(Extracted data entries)
__________________________________________________

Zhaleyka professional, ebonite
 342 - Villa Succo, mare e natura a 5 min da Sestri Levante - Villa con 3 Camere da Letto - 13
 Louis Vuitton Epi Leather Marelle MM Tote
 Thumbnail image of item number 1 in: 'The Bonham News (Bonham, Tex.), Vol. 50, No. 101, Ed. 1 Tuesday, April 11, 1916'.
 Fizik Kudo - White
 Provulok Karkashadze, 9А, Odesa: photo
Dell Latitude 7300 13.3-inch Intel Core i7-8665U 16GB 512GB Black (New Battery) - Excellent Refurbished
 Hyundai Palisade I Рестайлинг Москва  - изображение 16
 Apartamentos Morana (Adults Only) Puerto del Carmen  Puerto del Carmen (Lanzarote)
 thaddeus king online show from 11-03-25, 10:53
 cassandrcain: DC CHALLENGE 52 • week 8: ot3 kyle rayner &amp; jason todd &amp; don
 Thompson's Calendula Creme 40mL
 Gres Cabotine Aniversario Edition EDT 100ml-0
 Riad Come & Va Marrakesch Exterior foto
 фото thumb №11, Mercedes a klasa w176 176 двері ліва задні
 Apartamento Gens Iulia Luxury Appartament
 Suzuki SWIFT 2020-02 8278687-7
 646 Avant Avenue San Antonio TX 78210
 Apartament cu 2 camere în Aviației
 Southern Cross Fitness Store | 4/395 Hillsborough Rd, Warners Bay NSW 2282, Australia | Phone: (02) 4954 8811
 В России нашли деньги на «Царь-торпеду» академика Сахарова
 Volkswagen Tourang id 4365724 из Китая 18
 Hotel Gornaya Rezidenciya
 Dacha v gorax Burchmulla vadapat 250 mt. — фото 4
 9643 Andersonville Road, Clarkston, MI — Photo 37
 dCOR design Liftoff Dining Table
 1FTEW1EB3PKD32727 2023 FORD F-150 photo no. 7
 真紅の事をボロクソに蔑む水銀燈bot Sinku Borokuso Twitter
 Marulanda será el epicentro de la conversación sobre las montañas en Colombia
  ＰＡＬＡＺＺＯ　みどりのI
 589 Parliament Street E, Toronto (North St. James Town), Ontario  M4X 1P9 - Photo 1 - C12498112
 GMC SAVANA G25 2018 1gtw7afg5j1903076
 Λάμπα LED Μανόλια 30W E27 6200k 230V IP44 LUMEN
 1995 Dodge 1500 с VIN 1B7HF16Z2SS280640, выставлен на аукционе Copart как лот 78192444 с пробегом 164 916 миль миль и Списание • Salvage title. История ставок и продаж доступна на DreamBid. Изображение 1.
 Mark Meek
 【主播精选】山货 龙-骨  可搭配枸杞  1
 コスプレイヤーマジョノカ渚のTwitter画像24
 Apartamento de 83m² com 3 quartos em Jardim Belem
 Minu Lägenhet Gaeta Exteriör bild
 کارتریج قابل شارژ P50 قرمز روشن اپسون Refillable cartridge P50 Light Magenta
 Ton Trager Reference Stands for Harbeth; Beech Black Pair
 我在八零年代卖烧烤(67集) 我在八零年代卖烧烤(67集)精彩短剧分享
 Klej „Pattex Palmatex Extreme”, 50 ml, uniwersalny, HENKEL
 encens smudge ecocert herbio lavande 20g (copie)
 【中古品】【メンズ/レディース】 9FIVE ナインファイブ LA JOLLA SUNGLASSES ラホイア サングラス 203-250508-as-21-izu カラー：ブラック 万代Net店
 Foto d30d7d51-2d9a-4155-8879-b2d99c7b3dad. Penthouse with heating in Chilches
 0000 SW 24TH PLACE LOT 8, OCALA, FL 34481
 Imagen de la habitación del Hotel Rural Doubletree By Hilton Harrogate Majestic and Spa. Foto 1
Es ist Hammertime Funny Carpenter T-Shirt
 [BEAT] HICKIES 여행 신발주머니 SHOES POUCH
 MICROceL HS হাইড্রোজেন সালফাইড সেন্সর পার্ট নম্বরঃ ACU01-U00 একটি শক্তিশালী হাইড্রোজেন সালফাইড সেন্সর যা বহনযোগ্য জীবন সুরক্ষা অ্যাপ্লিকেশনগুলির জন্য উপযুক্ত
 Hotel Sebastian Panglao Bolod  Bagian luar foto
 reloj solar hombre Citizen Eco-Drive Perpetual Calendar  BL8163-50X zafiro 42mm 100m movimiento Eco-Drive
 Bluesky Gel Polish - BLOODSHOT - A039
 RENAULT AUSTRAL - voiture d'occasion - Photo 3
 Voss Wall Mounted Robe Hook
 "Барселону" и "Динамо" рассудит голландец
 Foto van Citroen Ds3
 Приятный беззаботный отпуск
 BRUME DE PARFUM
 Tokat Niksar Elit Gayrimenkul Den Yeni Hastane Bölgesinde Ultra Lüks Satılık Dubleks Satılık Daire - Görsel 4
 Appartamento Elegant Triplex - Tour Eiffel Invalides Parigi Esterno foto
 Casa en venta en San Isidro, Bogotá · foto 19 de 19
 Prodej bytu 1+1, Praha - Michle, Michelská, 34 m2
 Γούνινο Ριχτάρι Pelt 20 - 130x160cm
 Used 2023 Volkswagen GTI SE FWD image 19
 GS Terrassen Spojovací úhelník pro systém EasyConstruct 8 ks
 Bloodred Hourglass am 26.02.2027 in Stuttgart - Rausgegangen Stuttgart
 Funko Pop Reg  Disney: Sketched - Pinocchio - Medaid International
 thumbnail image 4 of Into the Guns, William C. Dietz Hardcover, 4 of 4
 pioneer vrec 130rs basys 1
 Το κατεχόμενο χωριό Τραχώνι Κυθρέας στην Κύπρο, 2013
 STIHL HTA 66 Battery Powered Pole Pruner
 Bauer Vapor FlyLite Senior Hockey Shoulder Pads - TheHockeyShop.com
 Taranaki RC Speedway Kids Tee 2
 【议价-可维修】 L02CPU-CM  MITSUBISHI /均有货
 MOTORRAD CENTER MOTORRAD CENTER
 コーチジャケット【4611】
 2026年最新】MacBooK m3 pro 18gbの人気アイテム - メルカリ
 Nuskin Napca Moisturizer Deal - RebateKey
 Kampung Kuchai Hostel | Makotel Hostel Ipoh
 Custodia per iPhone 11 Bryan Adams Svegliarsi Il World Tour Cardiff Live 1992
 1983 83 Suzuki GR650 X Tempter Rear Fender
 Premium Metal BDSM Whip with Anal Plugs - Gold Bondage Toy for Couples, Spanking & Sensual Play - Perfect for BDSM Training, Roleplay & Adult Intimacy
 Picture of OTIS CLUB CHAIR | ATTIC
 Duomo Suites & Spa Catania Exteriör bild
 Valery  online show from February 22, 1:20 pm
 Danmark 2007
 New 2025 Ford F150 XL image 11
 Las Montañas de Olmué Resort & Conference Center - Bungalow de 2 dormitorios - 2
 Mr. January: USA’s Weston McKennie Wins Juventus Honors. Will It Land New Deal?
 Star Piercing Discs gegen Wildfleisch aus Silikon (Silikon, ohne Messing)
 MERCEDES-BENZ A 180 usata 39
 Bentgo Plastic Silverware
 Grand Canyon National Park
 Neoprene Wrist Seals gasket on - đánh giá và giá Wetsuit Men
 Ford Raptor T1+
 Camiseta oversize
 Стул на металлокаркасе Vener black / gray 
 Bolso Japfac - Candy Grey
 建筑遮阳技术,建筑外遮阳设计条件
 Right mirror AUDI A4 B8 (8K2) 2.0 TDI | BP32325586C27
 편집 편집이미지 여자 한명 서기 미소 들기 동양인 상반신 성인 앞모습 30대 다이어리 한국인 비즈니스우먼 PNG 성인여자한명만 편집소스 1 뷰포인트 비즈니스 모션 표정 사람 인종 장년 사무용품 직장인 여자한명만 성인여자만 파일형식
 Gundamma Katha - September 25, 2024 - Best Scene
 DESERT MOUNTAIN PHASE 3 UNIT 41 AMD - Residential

__________________________________________________

ACTIVITY: Where the string "фото" turns up in a line of the data above, copy that whole line.

WRITTEN ANSWER:
 фото thumb №11, Mercedes a klasa w176 176 двері ліва задні
 Dacha v gorax Burchmulla vadapat 250 mt. — фото 4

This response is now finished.